John Cudia (who played the title role in "The Phantom of the Opera" in the recent national tour here) is a young-looking Jean Valjean, yet he is a most intelligent actor with a gloriously wide-ranging voice. And you will not hear a more heart-piercing version of the prayerful "Bring Him Home" than his, with all its honeyed falsetto notes, nor will you hear a more forthright take on "Who Am I?"
Playing police inspector Javert, Valjean's lifelong "law-and-order" nemesis, is Richard Todd Adams, whose clarion delivery of "Stars," as well as his final soliloquy, all but stops the show. Adams and Cudia are superbly matched.
The creamy-voiced Kathy Voytko is a very real and sympathetic Fantine, and she delivers a heart-piercing rendering of "I Dreamed a Dream." The revolutionaries -- led by Patrick Cummings (as Enjolras, the firebrand) and Chris Peluso (as Marius, the young romantic) -- also are well-cast and golden-voiced, with Leah Horowitz, as Valjean's "adopted" daughter Cossette, bringing just the right in-the-dark quality to "In My Life," and Anne Letscher's martyred tomboy Eponine refreshingly real rather than rock-star cute.
Michael Accardo and Catherine Smitko are full of Dickensian vulgarity as the money-sucking Thenardiers. And 10-year-old Jonah Rawitz is such a zesty presence as the little messenger Gavroche, you might wish he had more to do.
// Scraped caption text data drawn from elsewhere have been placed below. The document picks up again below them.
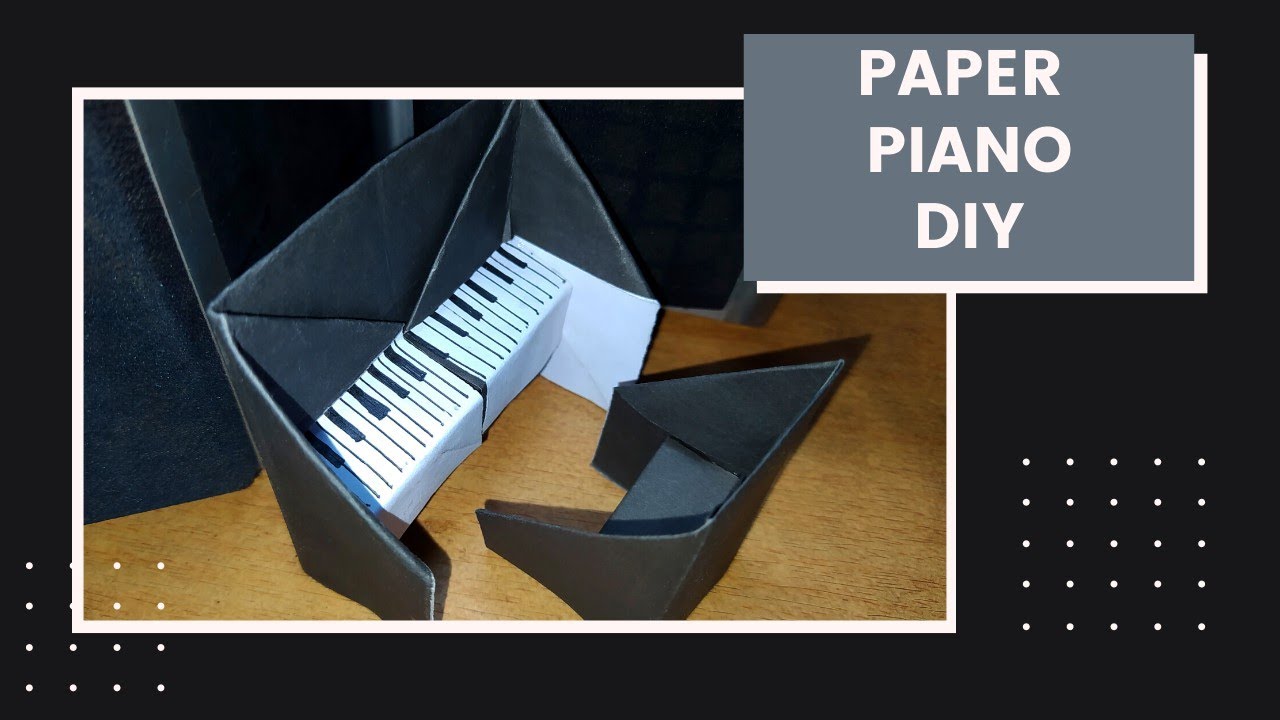 How to make a mini paper piano || Paper piano DIY || Paper craft - YouTube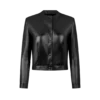 Cardigan-Jacke aus Nappaleder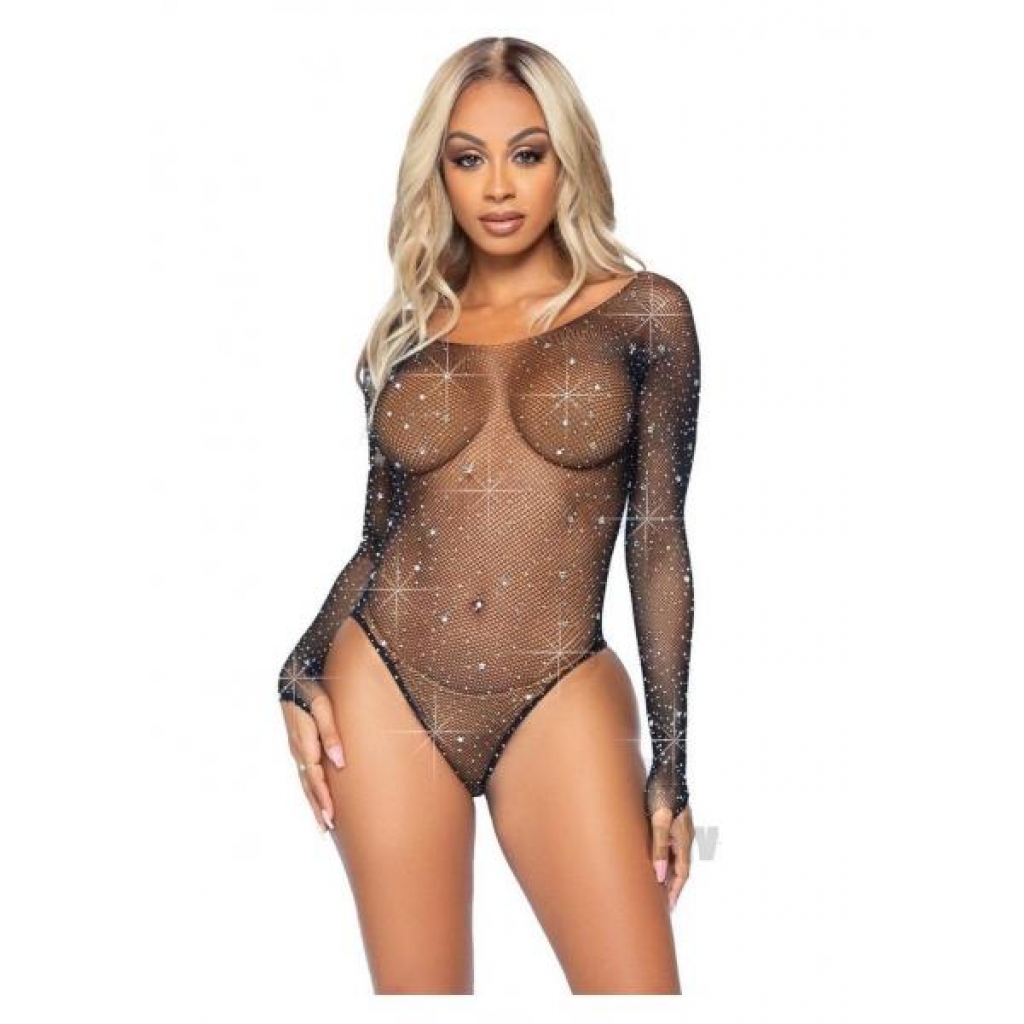 Galaxy Star Rhinestone Bodysuit - Captivating & Stylish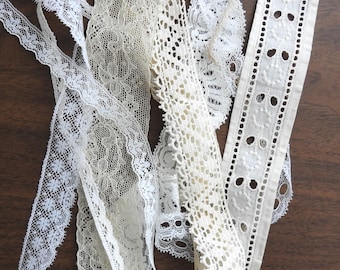 Vintage Trim Lot, 10 Pieces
But it is not just the leading players here. There are times when the voices of the ensemble mass into such a multilayered, soaring chorus (applause for musical director Brad Haak and conductor Patti Garwood and her orchestra) that the music creates its own form of redemption and even banishes memories of the witheringly funny sendup of "Les Mis" found in the satirical revue "Forbidden Broadway."
Boublil and Schonberg may have lost their way in their recent effort, "Pirate Queen," but they've always said that "Les Mis" would be their enduring achievement, in large part because Hugo's story is so monumental and heartrending. This splendid Marriott edition proves their point, and then some. A truly grand achievement.